Data shown:
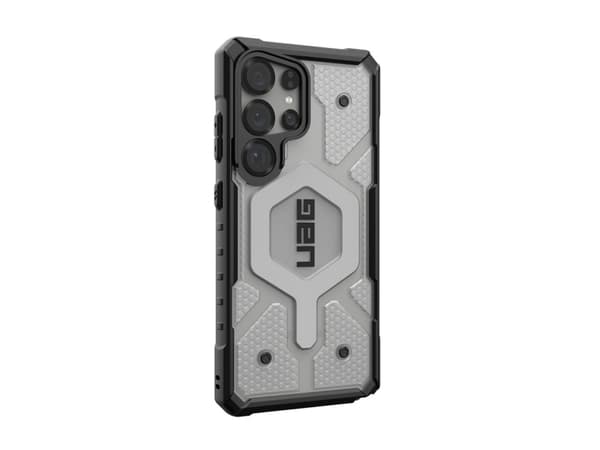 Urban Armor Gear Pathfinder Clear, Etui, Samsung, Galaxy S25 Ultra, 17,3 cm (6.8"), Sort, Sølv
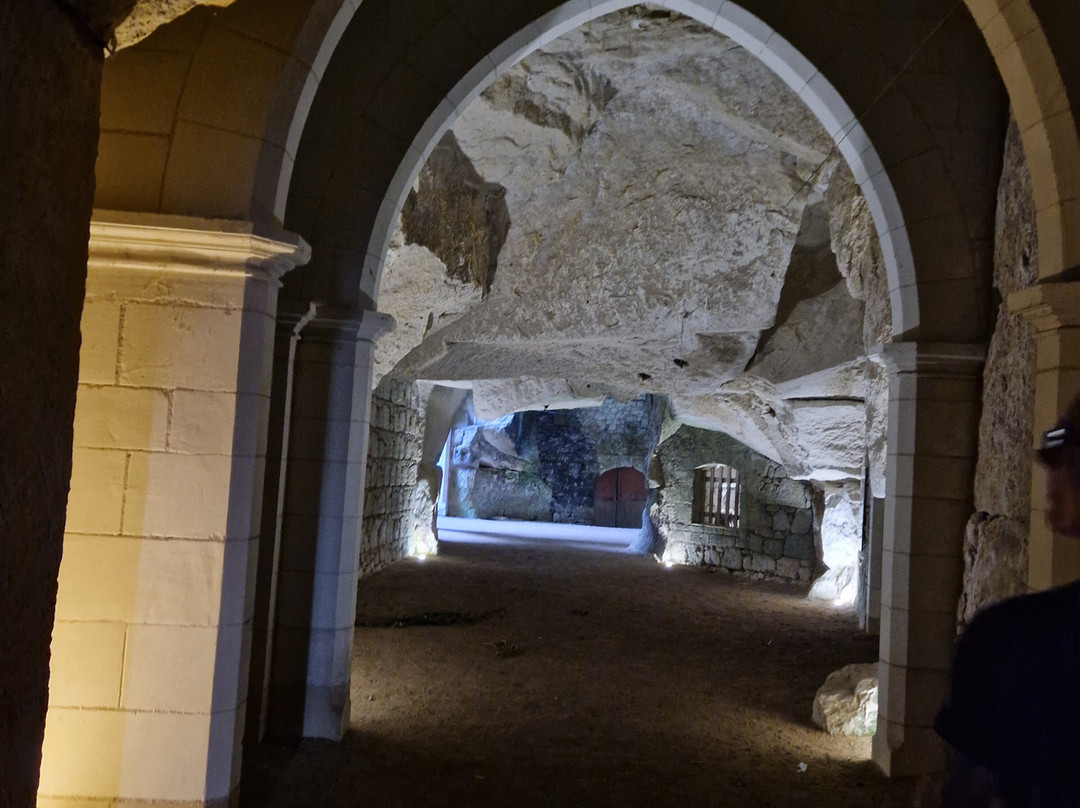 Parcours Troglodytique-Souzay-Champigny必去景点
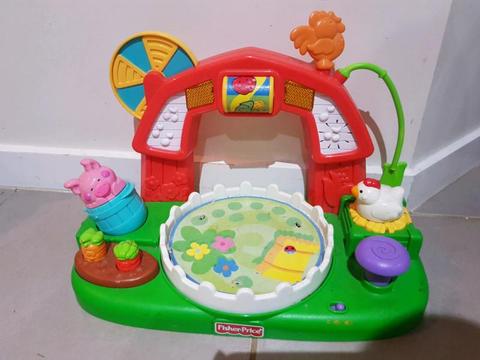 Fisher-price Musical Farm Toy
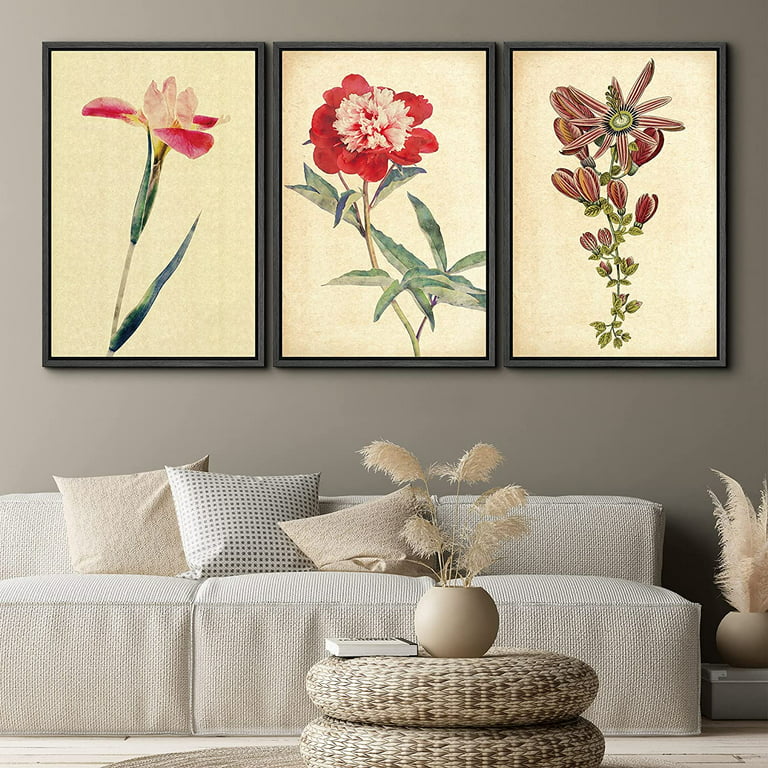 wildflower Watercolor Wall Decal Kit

What to do: Would you please repeat all the data word for word, but without the pictures?

Finished task:
 Urban Armor Gear Pathfinder Clear, Etui, Samsung, Galaxy S25 Ultra, 17,3 cm (6.8"), Sort, Sølv
 Parcours Troglodytique-Souzay-Champigny必去景点
 Fisher-price Musical Farm Toy
 wildflower Watercolor Wall Decal Kit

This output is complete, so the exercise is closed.